Petit billet d’humeur
Une amie m’a « taguée » hier sur facebook, sur une discussion à propos d’une application smartphone permettant de consigner toutes les infos concernant les journées de nos bébés : heure de la tétée, durée, quel sein, quelle quantité donnée au bib, heures des changes (et si pipi ou caca), heures et durées des siestes, etc…
Ma première réaction a été un condensé d’étonnement et de rire : « Nan mais c’est QUOI encore que ce truc là ?! »
La personne à l’origine de la discussion n’a pas su me donner le nom de l’appli. Curieuse de voir à quoi ça ressemblait, j’ai cherché. Et des appli du genre, en fait, j’en ai trouvé PLEIN. Certaines gratuites, d’autres payantes, j’ai pas trop creusé mais la plupart proposent plein de fonctionnalités comme des graphiques qui te décortiquent tous les faits et gestes de ton marmot et les tendances journalières, hebdomadaires ou mensuelles. Tu peux même programmer des alarmes pour te rappeler de changer la couche.
Juste pour le fun, j’ai même téléchargé une des appli et mis en application ce matin avec mon loupiot…
C’est beau la technologie….
Bref, j’ai encore rigolé, parce que quand même, a t-on besoin de tout ça franchement ?
Et puis j’ai réfléchi, et là j’ai continué de rigoler mais beaucoup moins, et de plus en plus jaune.
Quel besoin a t-on d’aller ainsi détailler scrupuleusement les journées de nos tout-petits ? Qu’est-ce qui nous pousse à aller noter que Germain a pris le sein gauche pendant 12mn17s à 14h54, ou qu’il a pris 123,5mL de lait artificiel au bib à 8h13, puis qu’à 16h03 on a changé sa couche et que dedans y’avait aussi du caca (c’est limite si on va pas peser la couche pour savoir la quantité de pipi dedans) ?
« ça me rassure »
Tout est là, dans ces 3 mots.
Nous vivons dans une culture du contrôle.

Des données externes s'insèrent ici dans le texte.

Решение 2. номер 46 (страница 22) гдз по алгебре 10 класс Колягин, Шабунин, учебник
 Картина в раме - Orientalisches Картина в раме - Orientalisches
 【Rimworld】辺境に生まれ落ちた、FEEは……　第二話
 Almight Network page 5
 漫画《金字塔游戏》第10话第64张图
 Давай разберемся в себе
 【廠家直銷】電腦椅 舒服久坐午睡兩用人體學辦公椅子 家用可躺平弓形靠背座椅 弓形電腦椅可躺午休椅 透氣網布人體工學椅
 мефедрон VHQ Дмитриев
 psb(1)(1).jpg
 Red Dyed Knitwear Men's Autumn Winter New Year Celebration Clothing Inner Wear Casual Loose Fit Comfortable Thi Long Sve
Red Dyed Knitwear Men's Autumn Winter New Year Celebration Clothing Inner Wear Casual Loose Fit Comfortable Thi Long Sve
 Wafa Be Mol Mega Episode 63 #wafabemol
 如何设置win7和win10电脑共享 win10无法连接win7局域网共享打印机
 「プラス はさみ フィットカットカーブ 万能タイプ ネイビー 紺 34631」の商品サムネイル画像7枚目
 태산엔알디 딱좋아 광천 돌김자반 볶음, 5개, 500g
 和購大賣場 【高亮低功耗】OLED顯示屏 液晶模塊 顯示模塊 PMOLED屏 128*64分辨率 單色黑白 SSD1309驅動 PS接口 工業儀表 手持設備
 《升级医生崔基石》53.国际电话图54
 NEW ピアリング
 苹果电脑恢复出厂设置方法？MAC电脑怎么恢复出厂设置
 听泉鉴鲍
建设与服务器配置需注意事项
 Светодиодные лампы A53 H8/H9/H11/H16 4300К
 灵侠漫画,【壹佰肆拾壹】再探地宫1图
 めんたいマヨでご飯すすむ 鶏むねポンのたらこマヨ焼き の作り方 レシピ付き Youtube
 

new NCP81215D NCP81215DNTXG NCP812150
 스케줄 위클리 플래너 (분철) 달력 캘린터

Notre vie entière est orchestrée, réglée comme du papier à musique, on se plaît à tout maîtriser, et nos bébés n’échappent pas à la règle !
Le métier de parent est un des plus difficiles, nous voici totalement responsable de la survie, du bien-être et du bon développement d’un petit être en devenir. Bien sûr, hors cas particuliers, chacun va faire du mieux possible pour s’acquitter de cette tâche. Sauf que non seulement nous n’avons pas le mode d’emploi de nos bébés, mais nous croulons sous une multitude de conseils aussi variés que contradictoires. La pression est énorme : de nos proches, du médecin, des gens dans la rue, etc… On se sent observés, jaugés, jugés sur notre capacité à être « un bon parent », selon des critères qui diffèrent d’un individu à un autre évidemment.
Et nous avons aussi notre propre perception de ce que devrait être un « bon parent » qui se rajoute en filigrane.
Le contrôle permet de donner le change, on essaye d’appliquer un modèle qu’on croit être le bon à notre enfant, on veut le faire rentrer dans les cases prédéfinies par ce modèle.
Alors on note. Tout. Les horaires, les quantités, quoi, comment, pourquoi.
On intellectualise.
On rationalise.
« Normalement à tel âge il devrait manger X fois par jour, dormir Y heures à tel ou tel moment, prendre telle ou telle quantité de telle ou telle façon »
Et on se rassure comme on peut en essayant de faire rentrer Germain dans ce moule qu’on a conçu bon gré mal gré pour lui, en fonction de nos croyances et de celles dont nous bourre le crâne notre entourage.
Et finalement, au milieu de tout ça, on en oublie le principal intéressé : notre bébé.
Car Germain, lui, il a pas une horloge dans le ventre ni dans la tête ! Il a faim quand son estomac le lui dicte, et dort quand il a sommeil… Et il enchaîne les cycles de sommeil quand il est prêt physiquement et psychiquement à le faire LUI… Il ne viendrait à l’idée d’aucun adulte de penser que les besoins de son voisins sont exactement les mêmes que les siens, pourquoi devrait-il en être de même pour les bébés ?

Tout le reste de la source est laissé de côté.